Sol entre nuvens

Com a evolução da pandemia e a morte entre seus pares, o Congresso se afasta do Planalto. É um jogo de sobrevivência política

Por: Da Redação  -  20/03/21  -  14:45

Relatos lidos, ouvidos e transmitidos por repórteres e comentaristas de meios de comunicação nacionais foram cristalinos quanto à comoção, entre senadores, da morte de um colega por covid-19: Sérgio Olímpio Gomes, o Major Olímpio, cuja existência foi abreviada dois dias antes de completar 59 anos.


Para os conhecidos padrões de mortalidade da doença até antes da disseminação de novas cepas do vírus, ele era jovem e fisicamente forte, como descreviam parlamentares, entre assustados e chorosos, nas horas seguintes à confirmação do óbito do mais votado senador nas eleições de 2018.

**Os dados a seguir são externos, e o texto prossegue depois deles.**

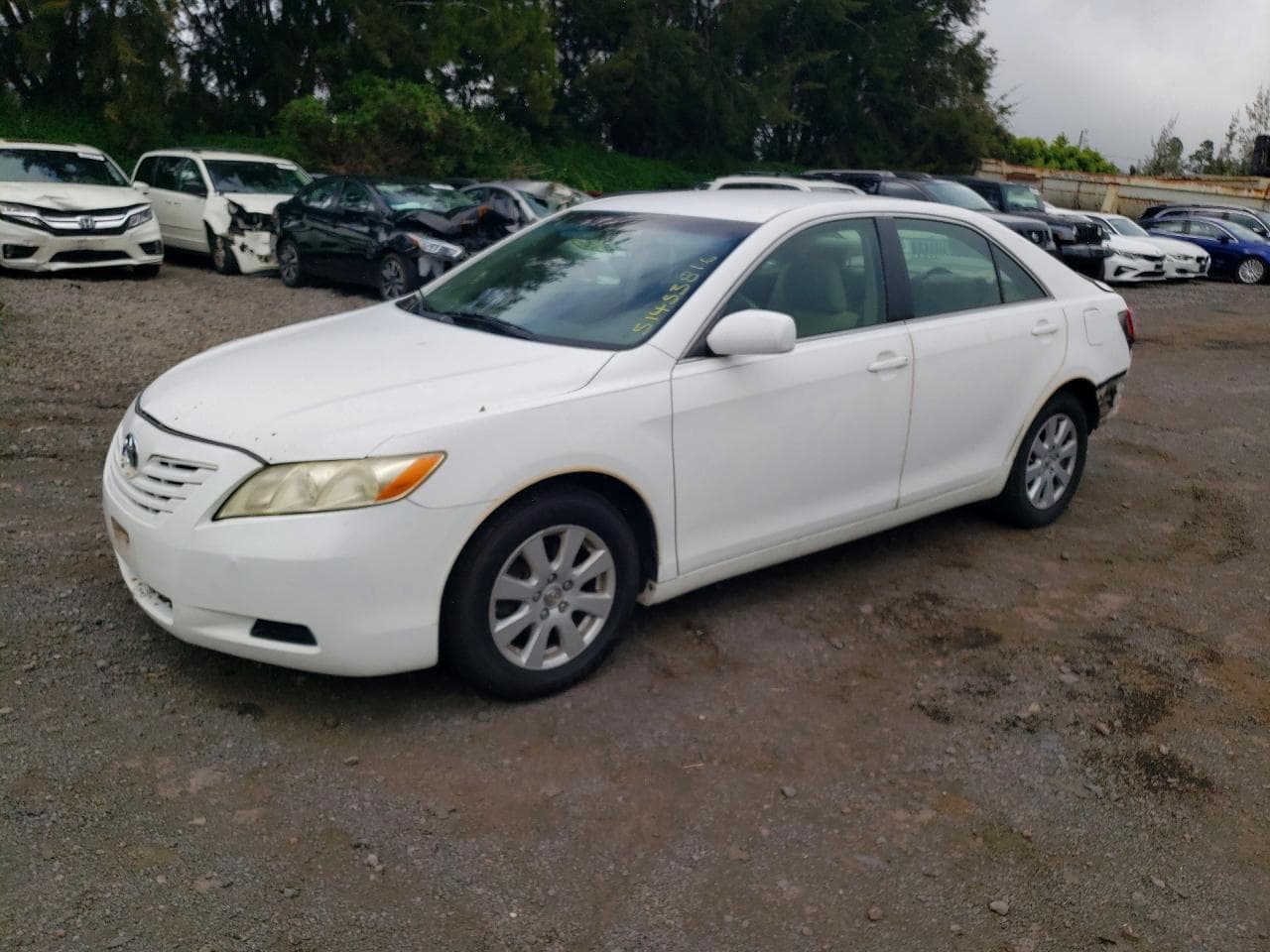 Toyota Camry 2009 z USA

Os que acompanham a atividade política há anos sabem do significado de seus símbolos táteis: o aperto de mãos, que representa acordo firmado, e o enlace no qual um interlocutor põe um braço sobre os ombros do outro, denotando um chamado para uma conversa mais reservada e franca.

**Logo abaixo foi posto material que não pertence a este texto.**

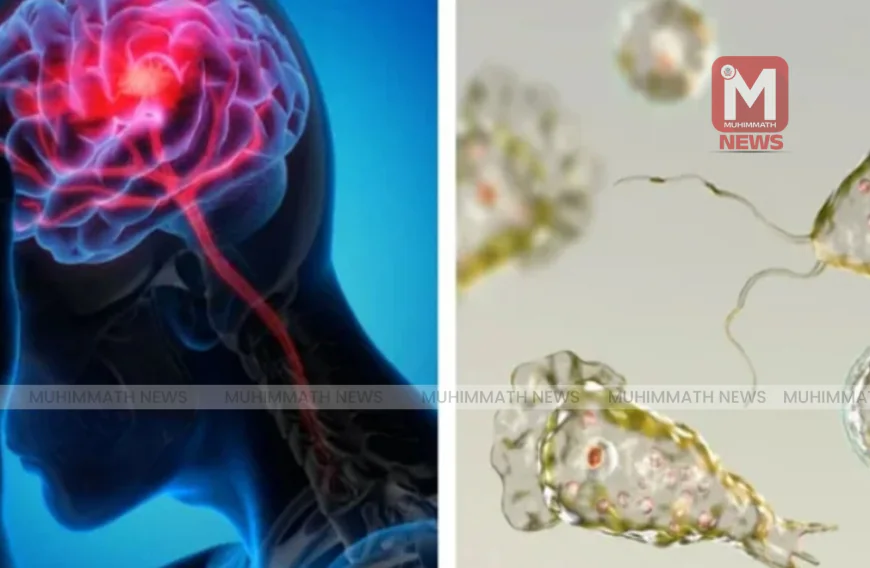 സംസ്ഥാനത്ത് അമീബിക് മസ്തിഷ്‌ക ജ്വരം വർധിക്കുന്നു; നീന്തല്‍ കുളങ്ങള്‍ക്ക് കര്‍ശന നിര്‍ദേശങ്ങള്‍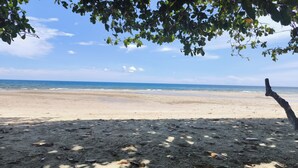 A beach with a clear sky, calm sea, and a tree in the foreground.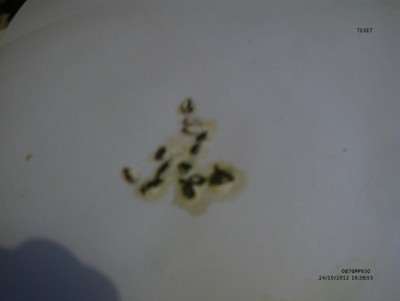 MVI00082.JPG
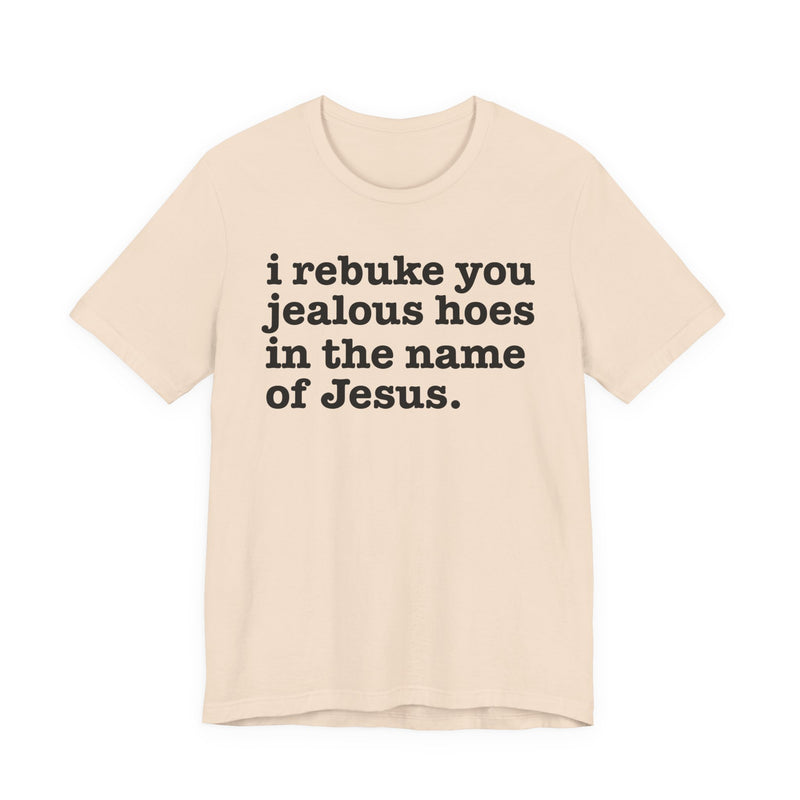 I Rebuke You Jealous Hoes In The Name Of Jesus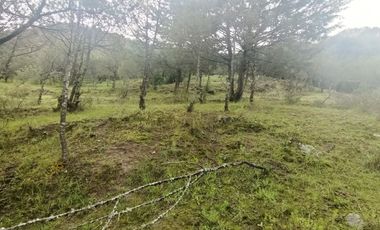 El Cedral  precioso terreno en venta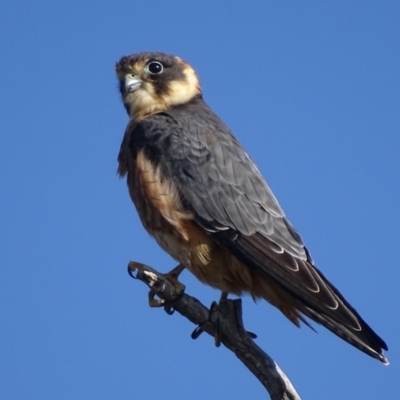 Falco longipennis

Tudo mudou com a pandemia. No entanto, visto que um parlamento é o microcosmo da população e representa sua diversidade de modo aproximado, há senadores e deputados federais que mantêm hábitos de uma vida inteira como se não houvesse doença ou, pior, por desdenhar de sua gravidade.

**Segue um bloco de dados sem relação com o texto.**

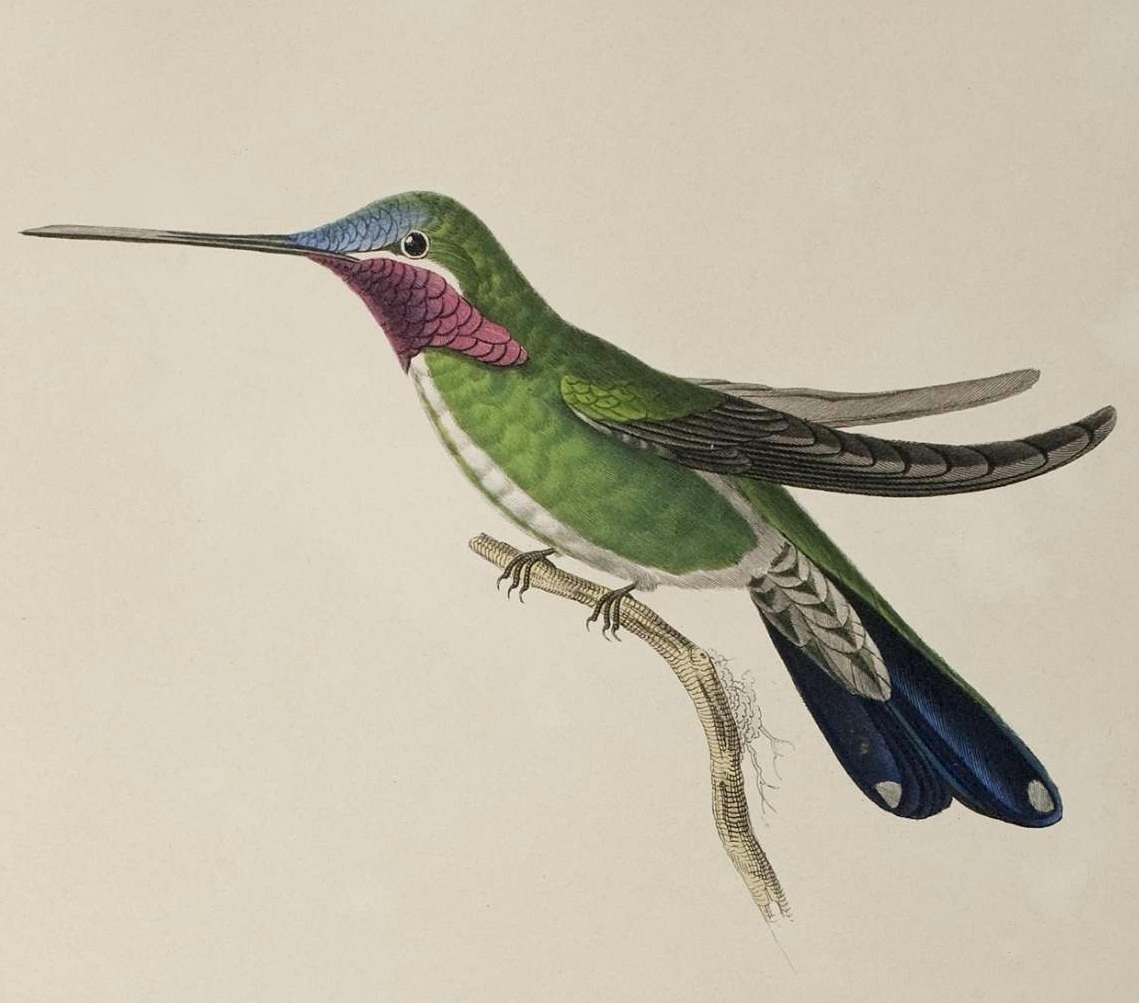 coloured lithograph 1833 hummingbird by René Primevère Lesson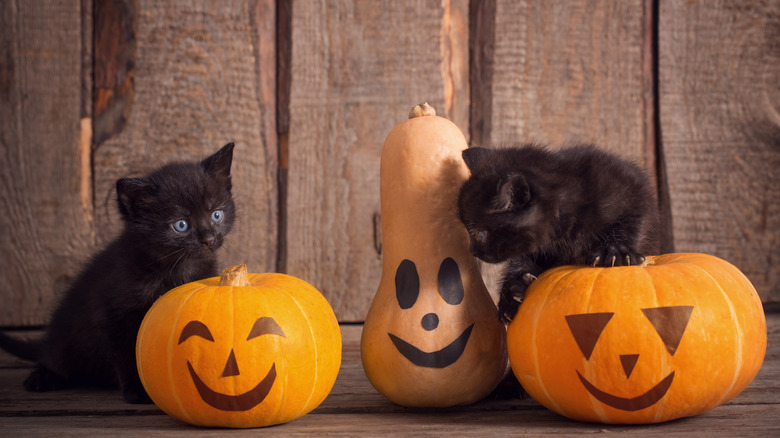 Cats with jack-o'-lanterns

Agora que morreu mais um colega de plenário, neste caso provocando mais consternação do que nas duas ocasiões anteriores — nas quais os senadores falecidos tinham 83 e 87 anos, numa fase da vida em que se é, naturalmente, mais frágil do que aos 58 —, os senadores se convencem de que o contato pessoal deve ser restrito ao máximo. Na vizinha Câmara dos Deputados, menos de uma hora após a confirmação da morte cerebral de Major Olímpio, o presidente Arthur Lira impôs restrições às atividades presenciais por duas semanas, com sessões virtuais.


Apesar disso, o Congresso Nacional não pode ser considerado em lado oposto ao do Governo na crise sanitária. Porém, até mesmo por instinto de sobrevivência política, afasta-se do Planalto. Por ora, o faz com delicadeza: horas antes da morte do senador, Lira participava de uma videoconferência e, nela, afirmava ser necessário que o Brasil evitasse “vexame internacional” no transcurso da pandemia e de seus efeitos. Já o passa, mas o deslocamento gradual se dá com sutilezas que provêm de cálculo político.


Os congressistas, sobretudo sob a forte e recente emoção do adeus a Olímpio, também analisam a aceleração de casos e óbitos por coronavírus; esquadrinham pesquisas de opinião nas quais entrevistados apontam inépcia do poder central diante do desastre na saúde; observam as reações do Planalto, em palavras, atos e omissões, e sua falta de sintonia com estados.


Até agora, nem o presidente da Câmara nem o do Senado, Rodrigo Pacheco, se dizem dispostos a levar adiante ideias contra o Governo, como uma CPI para apurar a responsabilidade deste na pandemia. Porém, segundo políticos de todas as épocas, política é nuvem: muda com o vento. Às vezes, chove.